William Hershey’s (Ethiopia) book on his Peace Corps experience

 

by Michael Douglas
Beacon Journal editorial page editor (retired)

 

William Hershey admits to “a touch of idealism” in joining the Peace Corps nearly six decades ago. He also had in mind avoiding the draft. As a twentysomething completing graduate school, he easily could have found himself on a path to joining the massive American military deployment in Vietnam.

Peace Corps memoir

Thus, a persistent tension informs his engaging and insightful new book, “Taking the Plunge into Ethiopia: Tales of a Peace Corps Volunteer.” American idealism contends with indelible realities. In telling his story, Hershey also helps us understand our own time and dilemmas, from the plight of refugees to the Russian aggression in Ukraine.

The book is part of the indispensable (to followers of Ohio political life) Bliss Institute Series, published by the University of Akron Press. Hershey has made multiple contributions, including an entertaining biography of Ray C. Bliss, “Mr. Chairman,” written with John Green. Each volume draws on Hershey’s four decades of reporting at the local, state and national levels for the Beacon Journal and the Dayton Daily News.

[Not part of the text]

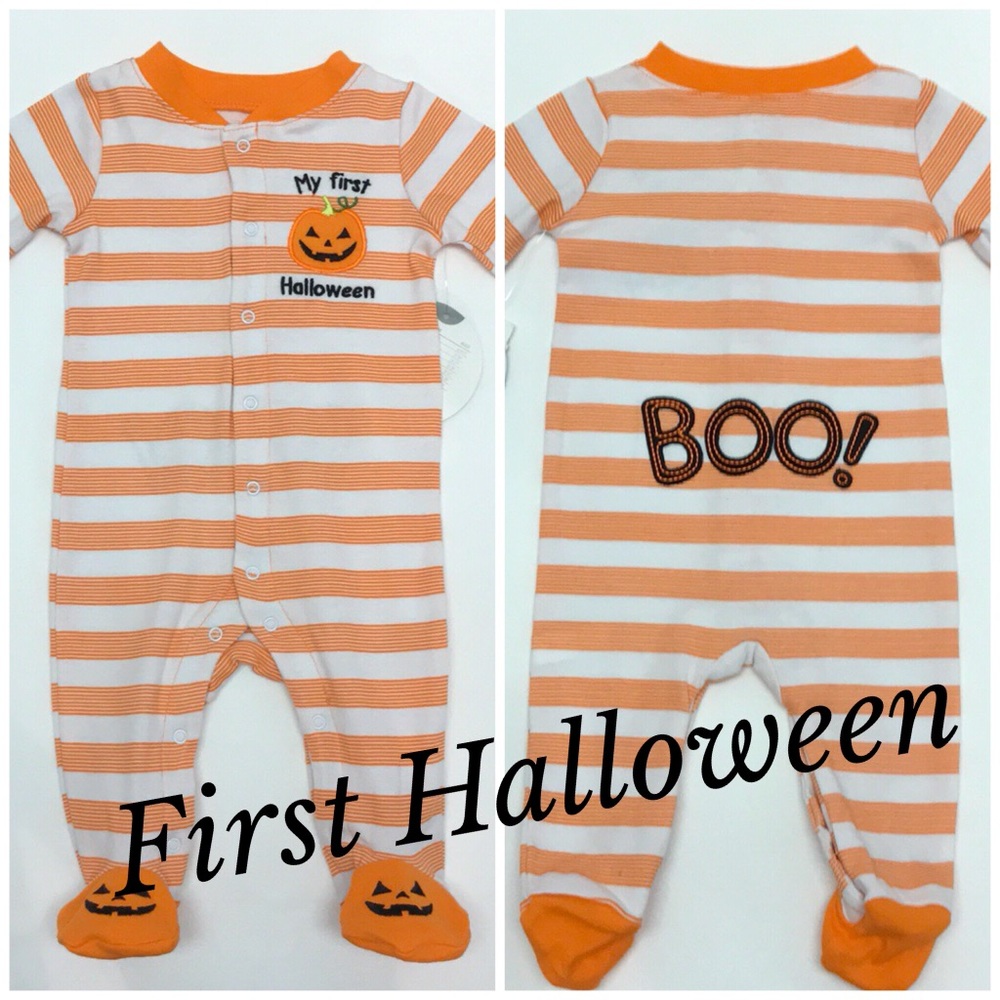Infant “My First Halloween” Sleeper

Recall that the Peace Corps got its start in an impromptu talk by John F. Kennedy late one evening near the end of the 1960 presidential campaign. He addressed students at the University of Michigan in Ann Arbor. Kennedy wondered how many would be willing to serve the cause of peace in a faraway developing country.

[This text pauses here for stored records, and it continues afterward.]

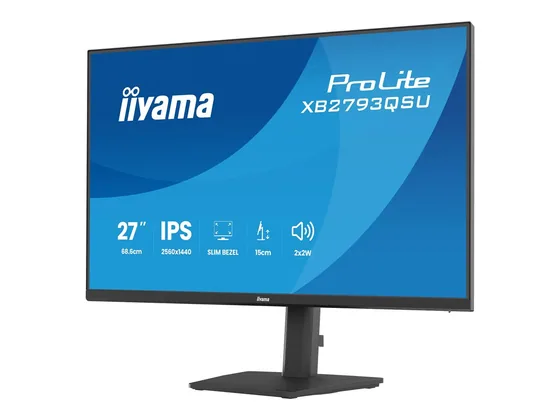 XB2793QSU-B1 — écran 27″ QHD — vue 3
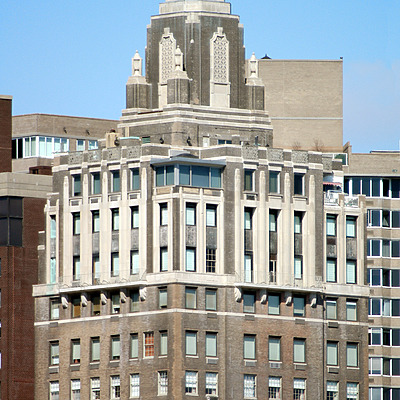 River House Apartments by Scott Murphy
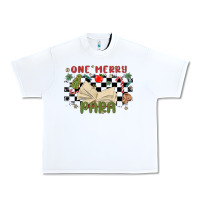 White one merry para Urban Heavy Tee - MaliasSmallBusiness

This was part of the “ask what you can do for your country” that would ring from his inaugural address.

The Peace Corps was conceived to help countries in need of trained workers. It also sought to promote better understanding — of the United States and the world. It was part of the country’s arsenal in the Cold War.

Students rallied to the idea. Sargent Shriver, a Kennedy in-law and the first director of the Peace Corps, described the result as “spontaneous combustion.”

In 1968, Hershey landed in Ethiopia for a two-year stay in Dabat, a remote town in the northern part of the country. He mostly taught English to seventh and eighth graders. The town lacked electricity and running water. The school building consisted of dried mud.

A boot camp of sorts introduced Hershey to the local language and culture. He also received word he would be on his own — the only American in Dabat.

So began the “plunge.” Hershey found students “hungry to learn, and I tried to feed them.” Grasp English, and they would have a skill to improve their lives.

Hershey won the affection of residents with his embrace of the language, local food and Ethiopian customs. Yet the experience proved humbling, Ethiopian civilization going back many centuries, or long before the Peace Corps.

At times, things got complicated. A friendly basketball game (on a dirt court with wire hoops fixed to tree trunks) turned hot-tempered after Hershey proved an enthusiastic defender. A misunderstanding over cleaning the outhouse triggered sharper feelings about wanting “ferenji,” or foreigners, to go home.

Here, the well-intentioned Peace Corps collided with the longstanding American support of Emperor Haile Selassie, whose rule increasingly invited rebellion. (He was deposed in 1974.) Peace Corps volunteers endured beatings. Hershey faced an episode of intimidation as university students, active in the opposition, pelted his tin roof with rocks.

The Peace Corps advised volunteers to steer clear of political matters. Easier said than done for Americans seeking to navigate tricky currents. After a break touring elsewhere in Africa, Hershey smuggled (in his dirty clothes!) a book critical of Selassie, and scarce in Ethiopia, into Dabat for residents eager to read it.

In that moment, Hershey sided with change, and he did so in tune with the concept of the Peace Corps, advancing opportunity and realizing potential, objectives still resonant today roughly 250,000 volunteers later.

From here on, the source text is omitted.